In an analogous way, vectors in a single tensor factor must also be tensored with an identity on the rest (unless, of course, they're part of a proper tensor product with vectors on all factors, like $$|\varphi_A\rangle\otimes|\varphi_B\rangle\in \mathcal H_A\otimes\mathcal H_B.)$$ Thus, when doing a partial trace, the ket $|\varphi\rangle$ on the right is shorthand for $|\varphi\rangle\otimes \mathbb I_B$. It is slightly unnatural to see this as an operator but you can see it as going from $\mathcal H_B=\mathbb C\otimes \mathcal H_B$ into $\mathcal H_A\otimes\mathcal H_B$.
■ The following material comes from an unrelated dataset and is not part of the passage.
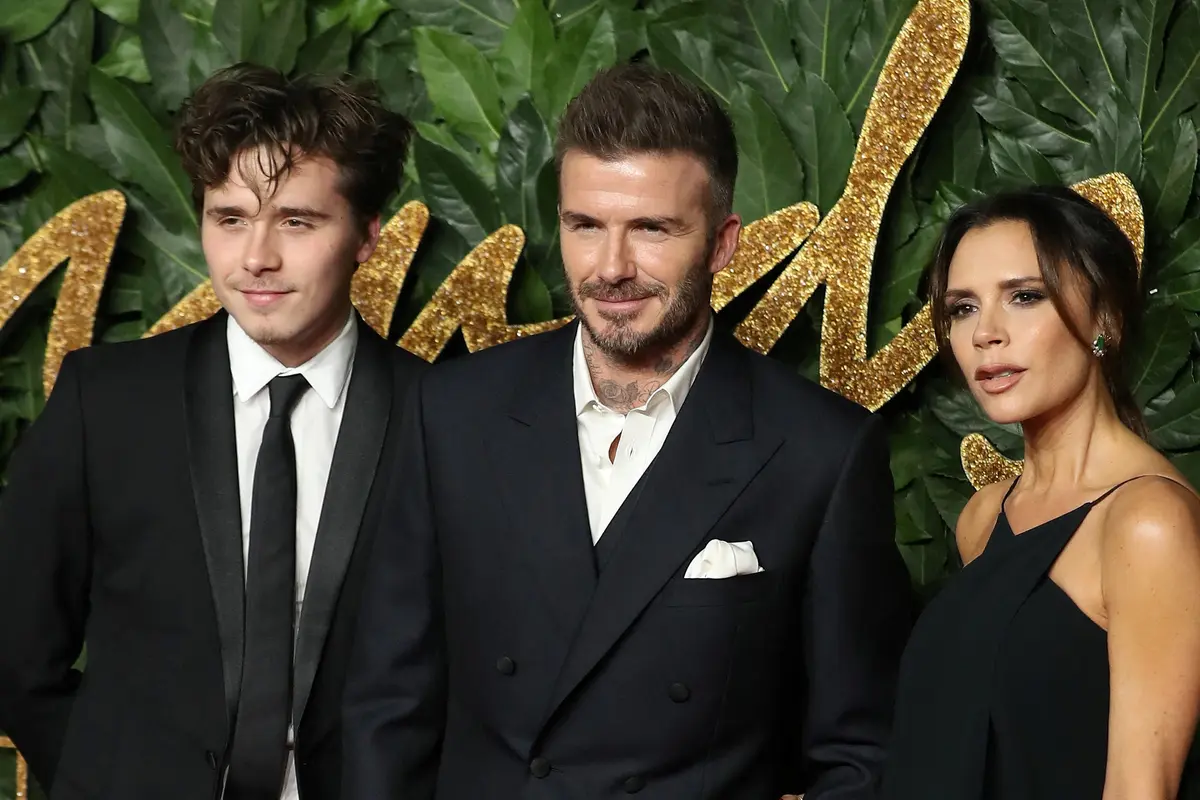 Brooklyn Beckkham, David Beckham, dan Victoria Beckham. (Daniel LEAL / AFP)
Thus, for a density matrix $\rho_{AB}:\mathcal H_A\otimes\mathcal H_B\rightarrow\mathcal H_A \otimes \mathcal H_B$, the partial trace over $A$ is a sum of terms of the form $$ \rho_B\sim \langle\varphi|\rho_{AB}|\varphi\rangle \text{ which is shorthand for } (\langle\varphi|\otimes\mathbb I_B)\rho_{AB}(|\varphi\rangle\otimes\mathbb I_B) ,$$ and is an operator on $\mathcal H_B$.